My Data Scientist Journey — Pandas
After learning the basics of NumPy last week, I decided to start learning Pandas!
The chapter covering pandas was very in-depth so I won’t include everything here, just the topics I felt that were important.
Pandas Objects
Pandas objects are just enhanced versions of NumPy structured arrays in which the rows and columns are identified with labels rather than integer indices. The three fundamental Pandas data structures are the Series, DataFrame, and Index.
Pandas Series Object
A Pandas Series object is a one-dimensional array of indexed data. It can be created from a list or arrays as follows:
data = pd.Series([0.25,0.5,0.75,1.0])
The Pandas DataFrame Object
These can be thought of as a specialization of a Python dictionary. The dataframe object can be created from Python dictionaries:
data = pd.DataFrame({dictionary})data.index #returns index labels
data.columns #returns an Index object holding column labels
DataFrame as a specialized dictionary
A DataFrame maps a column name to a series of column data.
data['column'] = column data
The Pandas Index Object
The Index object can be thought of as an immutable array. You can construct an Index object using :
ind = pd.Index([list values])
Index as immutable array
You can use standard Python indexing notation to retrieve values or slices:
ind[1]
ing[::2]
These objects are immutable meaning they cannot be modified through normal means.
Data Indexing and Selection
The indexing methods are very similar to NumPy arrays.
Data Selection in Series
A series object acts in many ways like a one-dimensional NumPy array and is very similar to a Python dictionary.
Indexers: loc, iloc and ix
The loc attribute allows indexing and slicing that always references the explicit index:
data.loc[1]
The iloc attribute allows indexing and slicing that always references the implicit Python-style index:
data.iloc[1]
data.iloc[1:3]
Operating on Data in Pandas
Mapping between Python operators and Pandas methods:
Python operator Pandas method(s)+ .add()
- .sub(), .subtract()
* .mul(), .multiply()
/ .truediv(), .div(), .divide()
// .floordiv()
% .mod()
** .pow()
Handling Missing Data
Lot’s of data in the real world isn’t as neat as presented in tutorials or books, they often include either mislabeled data or missing data.
Trade-Offs in Missing Data Conventions
Different languages use different labels and ways to handle missing data.
Missing Data in Pandas
Pandas handles missing data using sentinels and two-existing Python null values: NaN and the Python None object.
NaN: Missing numerical data
It is a special floating-point value recognized by all systems that use the standard IEEE floating-point representation.
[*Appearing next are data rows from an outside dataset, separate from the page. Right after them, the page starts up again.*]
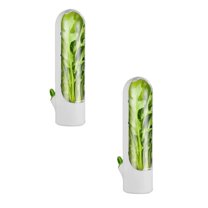 2Pcs For Refrigerator Fresh Pod Containers Fresh For Refrigerator Storage For Cilantro Parsley Asparagus Keeps Vegetables Fresh Closure Bags Lids Boxes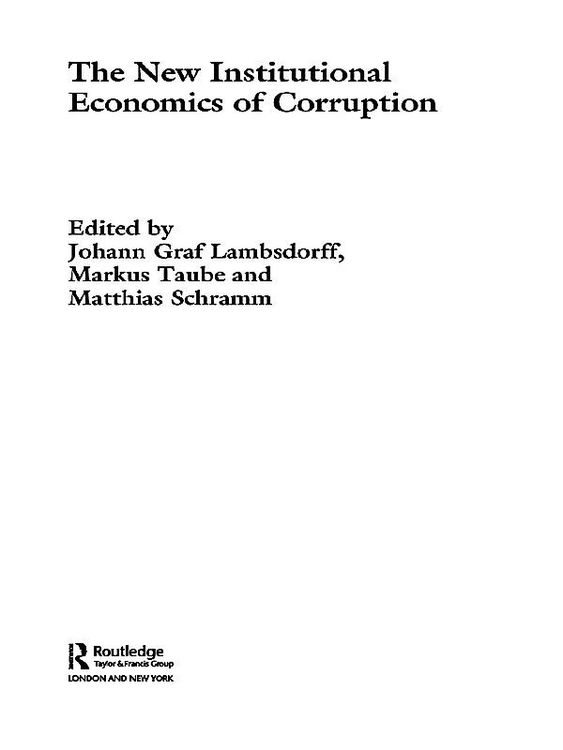 Produktbild: The New Institutional Economics of Corruption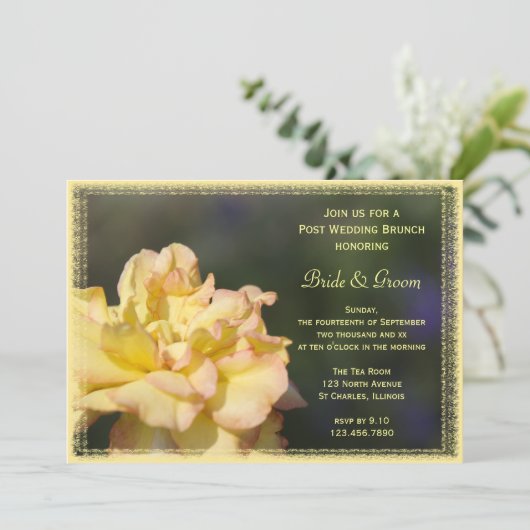 イエローファンシーバラポス結婚ブルンチ招待状 招待状 (スタンド正面)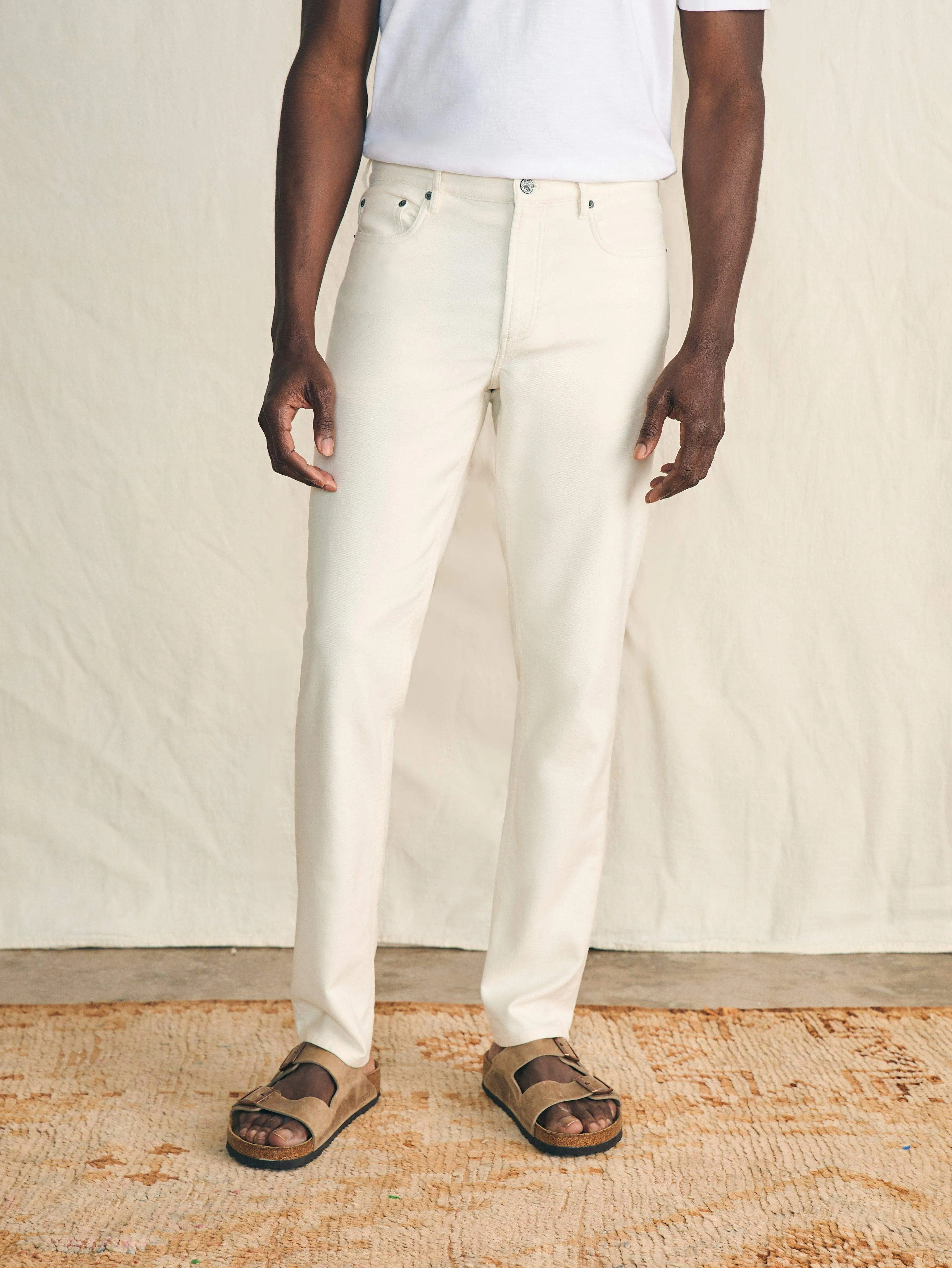 Stretch Terry 5-Pocket Pant - Cabo Blanco sold by Faherty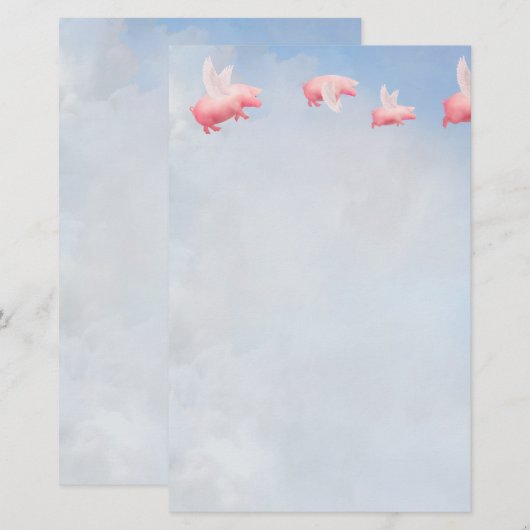 Schweine Briefpapier (Vorne/Hinten)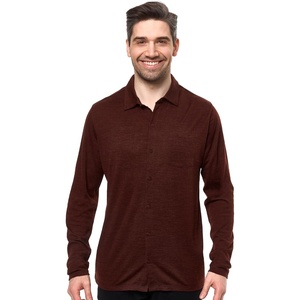 image:image100 Merino Wool Button Up Shirt Men  Long amp Short Sleeve Breathable  Lightweight Breathable Merino Wool Naturally OdorResistant Soft Office Casual Outdoor Shirt with PocketBordo Long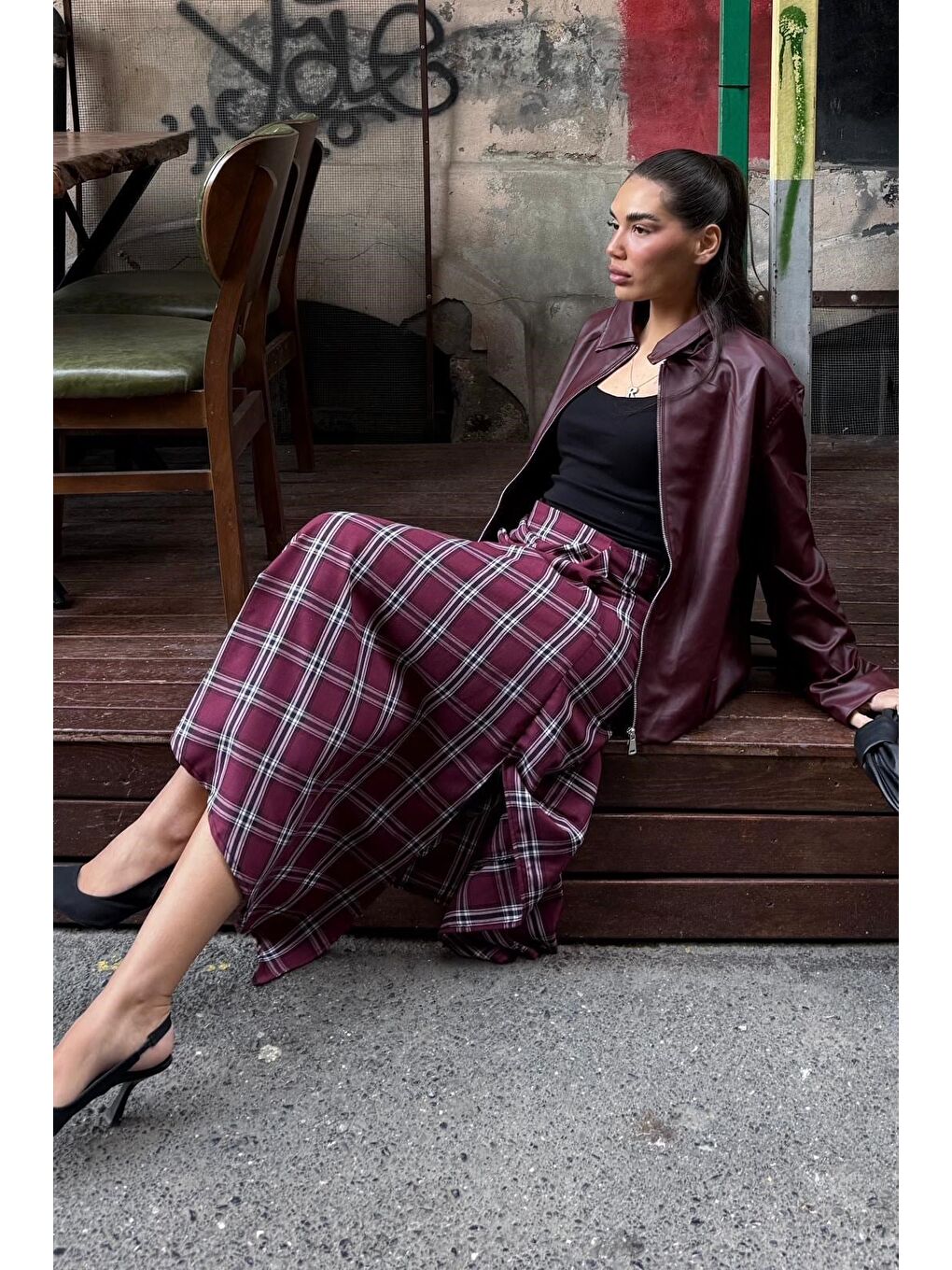 Bordo Ekose Desenli Yırtmaç Detaylı Kruvaze Midi Kadın Etek Mg2690-5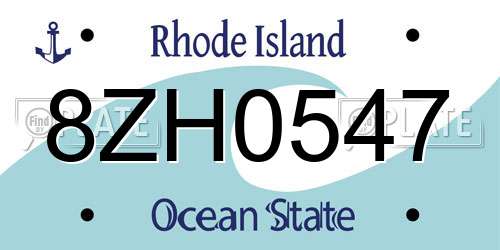 8ZH0547 Rhode Island License Plate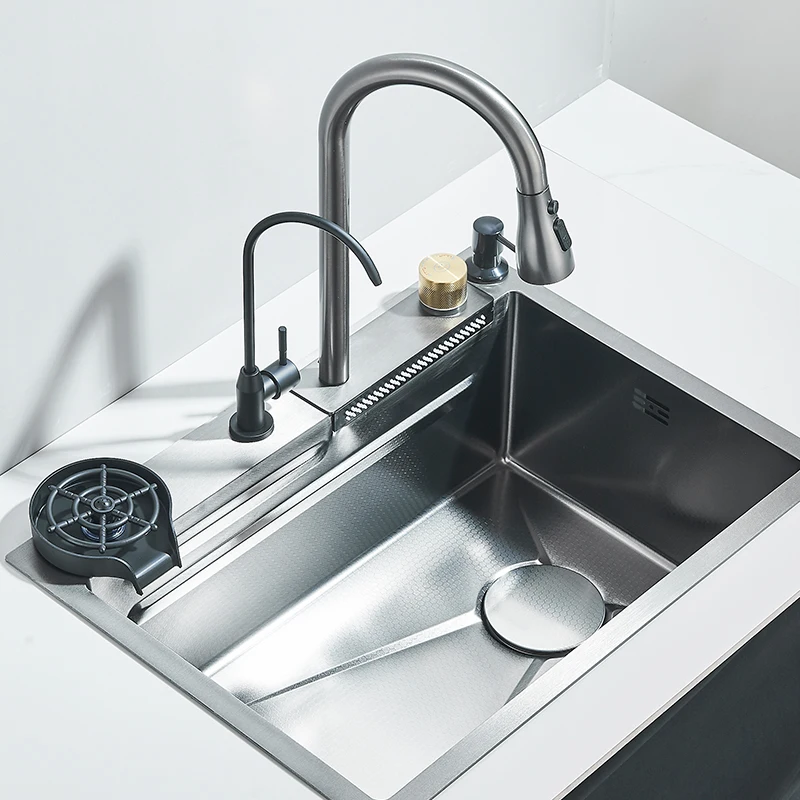 304Stainless Steel Waterfall Kitchen Sink Large Single Slot Integrated 60X45cm Faucet Set Soap Dispenser/Pure Water/Cup Washer - Image 4
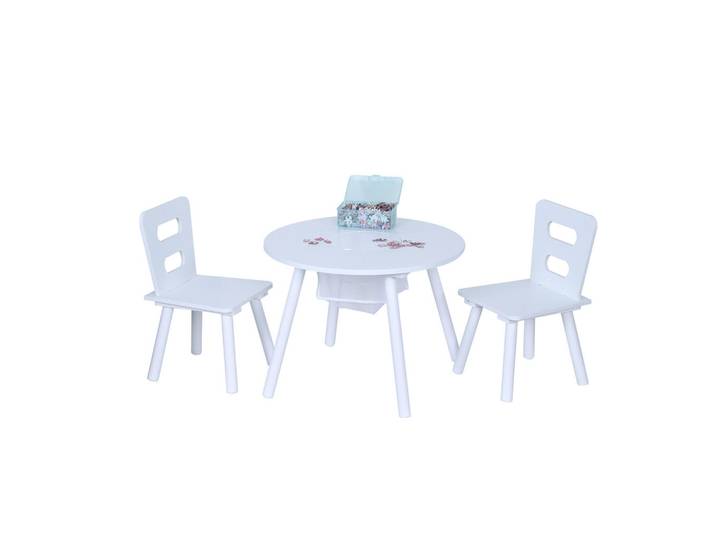 Relaxdays Kindersitzgruppe Weiß 3-teilig Tisch 2 Stühle mit Staunetz, 59.5x44x59.5 cm, Babymöbel & Kindermöbel, Kinderzimmer & Jugendzimmer, Kindersitzgruppe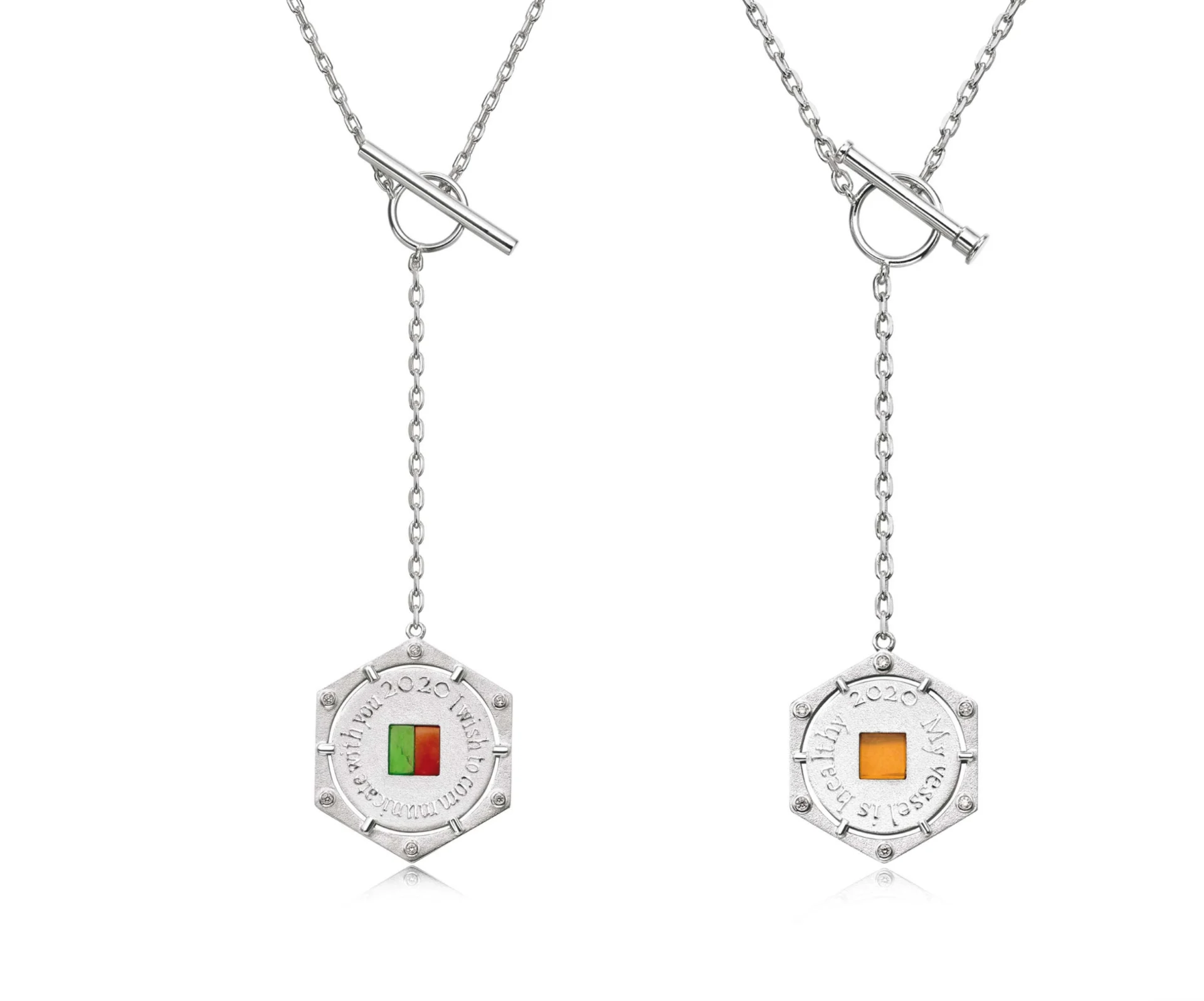 Carrie puyan yang kolczyki: bursztyn bałtycki, jadeit, srebro, cyrkonie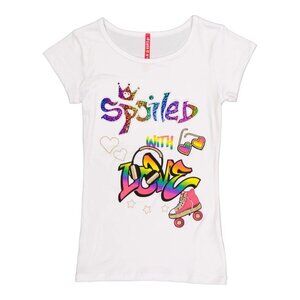 Girls Spoiled with Love‎ Embossed Foil Graphic Tee - White - Size L (6X)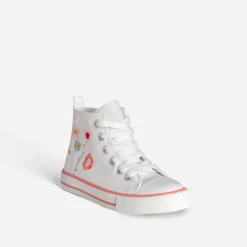 Basket BUGGY blanche toile broderie fleurs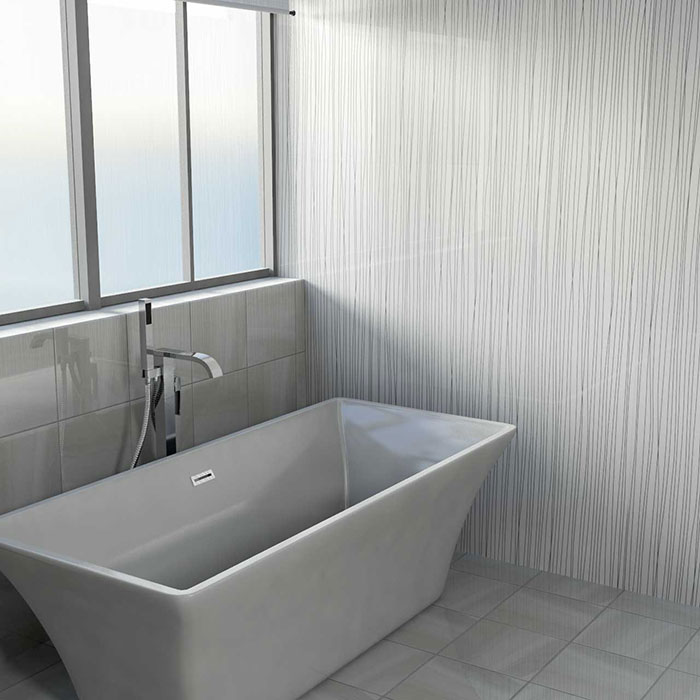 Bathroom with White Strings Wall Panel from Wholesale Domestic Bathrooms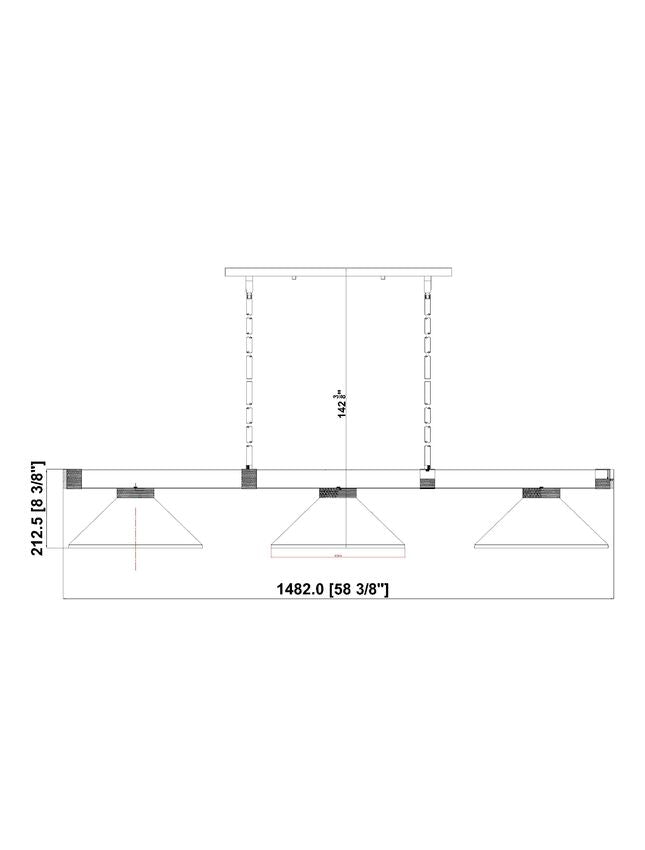 Z-Lite Vanguard 3050-3RB-MMB 59" 3-Light Rubbed Brass Steel and Aluminum Frame Matte Black Steel Shade Billiard Light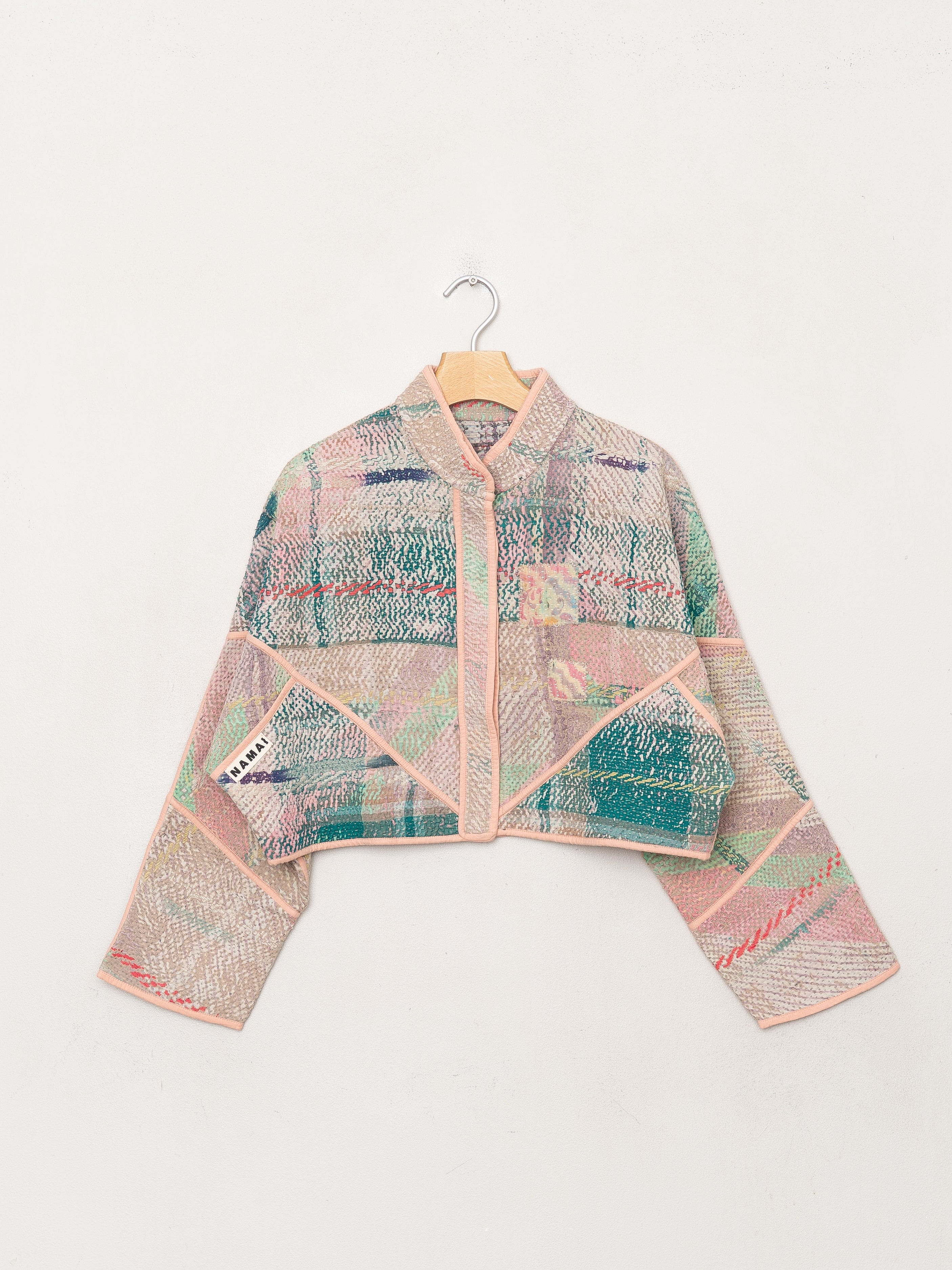 The Kaira Cropped Quilted Patchwork Kantha Jacket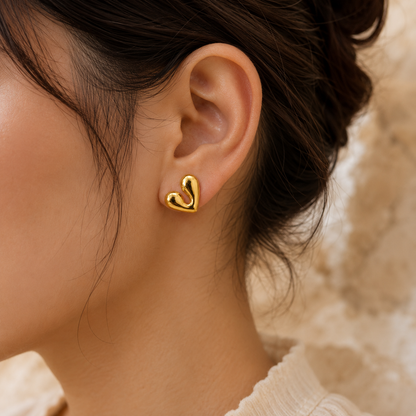 Heart Hoops Earrings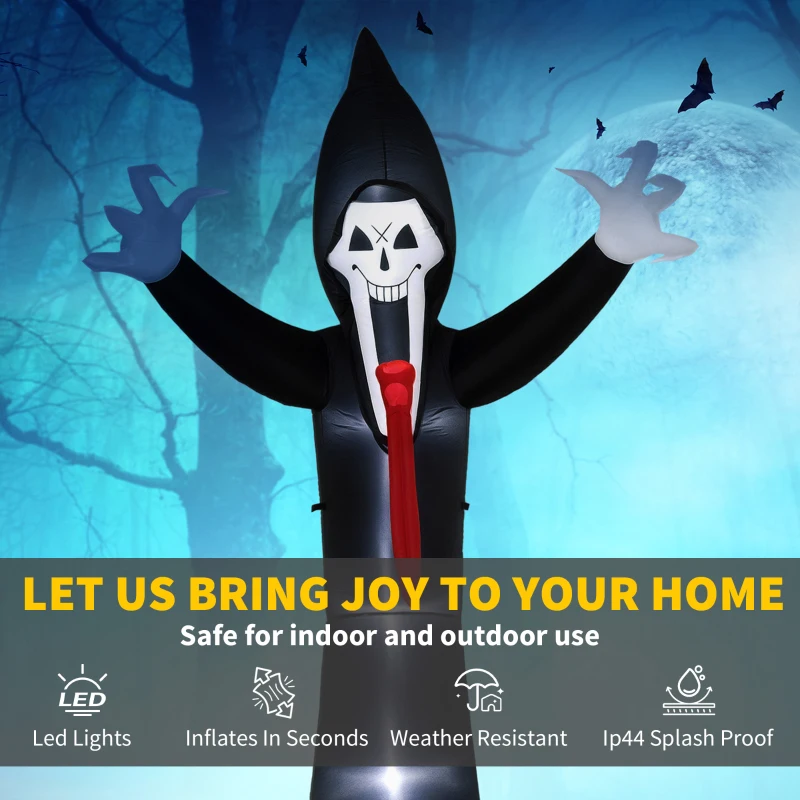 Outsunny 10 FT Grim Reaper Halloween Inflatable with 5 Built-in LED Lights, Blow Up Outdoor Halloween Decoration for Indoor, Outdoor Party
NaN is supported by NumPy arrays to perform fast operations compared to None type objects which operate at the python level. Any operation performed on NaN will result in another NaN.
NumPy has some special aggregations that ignore NaN:
np.nansum()
np.nanmin()
np.nanmax()
Operating on Null values
There are several useful methods for detecting, removing, and replacing null values in Pandas data structures:
isnull() #generates a boolean mask indicating missing values
notnull() #opposite of isnull()
dropna() #return a filtered version of the data
fillna() # return a copy of the day with missing values filled or
imputed
Dropping null values
The methods do not allow single NA values to be dropped from the DataFrame; only full rows or columns.
Filling null values
Rather than dropping NA values sometimes you’d rather replace them. This can be a valid value, some sort of imputation or interpolation from the good values.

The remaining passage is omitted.